The State of Wright: Martin House Pergola
Location: Martin campus
Status: Open for tours
History: The reconstruction of the missing pergola is probably the most dramatically visible change to the Martin House site. Demolished in the early 1960s, it has been reconstructed as a covered passageway that connects the main house to a glass-roofed conservatory As one of the most photographed and visible elements of the house, its loss had been mourned for years.
The pergola was rebuilt with painstaking accuracy, using Wright’s plans and evidence provided by sections of foundation remnants. From the Martin House interior, it recreates the dramatic view that greeted visitors from the front entry hall. The visitor sees through the axis of the pergola to the lush greenery of the conservatory, a vista spanning 180 feet. It reunites the buildings of Wright’s rectilinear tartan grid.

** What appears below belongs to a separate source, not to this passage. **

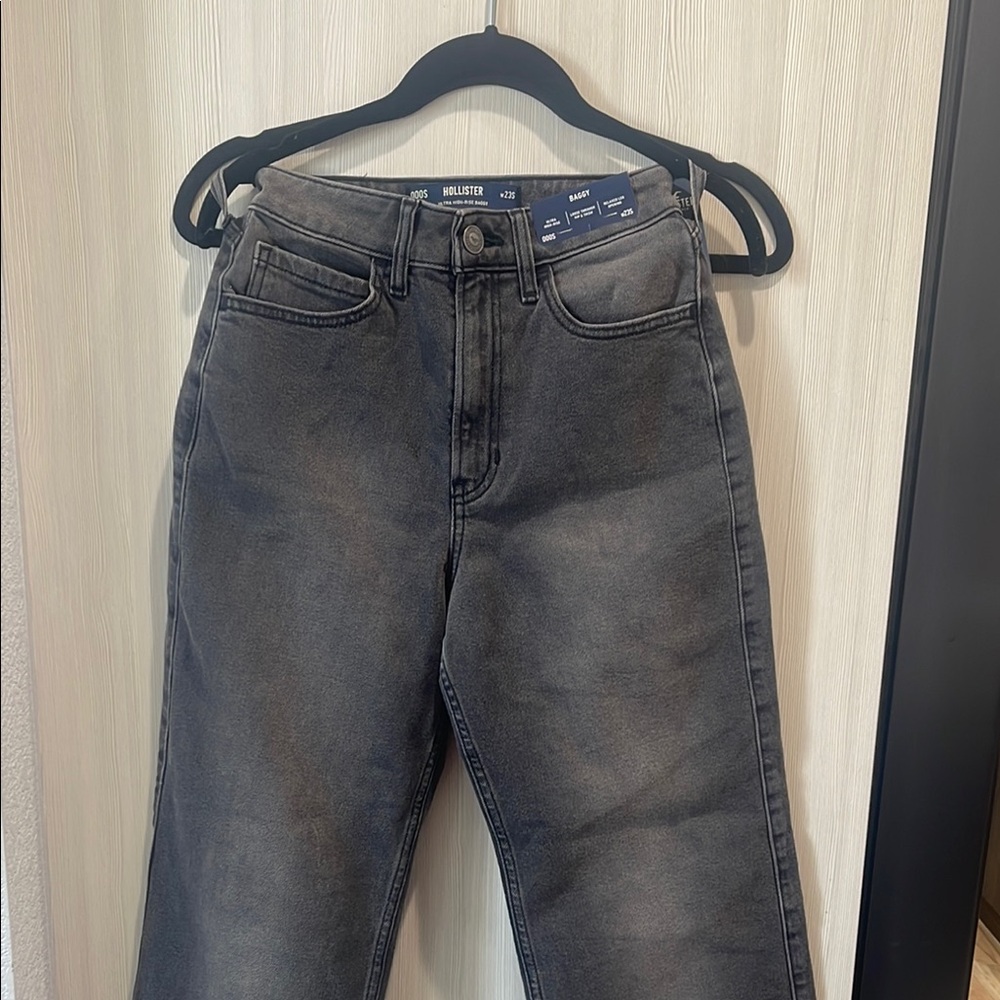 Black Hollister, baggie jeans, size triple zero short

Significance: This was one of only three pergolas that Wright designed among more than sixty Prairie houses. (One of them was commissioned by William Martin, as an addition to his Oak Park home, after seeing brother Darwin’s.)
What to look for: Although Wright designed a suggestion of windows in cypress millwork, the openings were never intended to be glazed. Be sure to check out the simple lightbulb fixtures, an expression of the newly introduced electric illumination that was coming into residential use at the time of original construction.

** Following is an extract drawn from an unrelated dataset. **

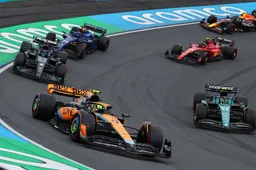 Norris: 'Maak me meer zorgen over auto's achter me dan over Red Bull'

Over the next two weeks we will post a series that organizes each Wright gem by location, history, what should be seen, and additional information that may pique visitor interest. There are many more resources, including guided tours for most sites, excluding the private homes. It is hoped that this guide will inspire readers to see firsthand the reasons why visitors from all over the world make the trip to Buffalo to experience Frank Lloyd Wright.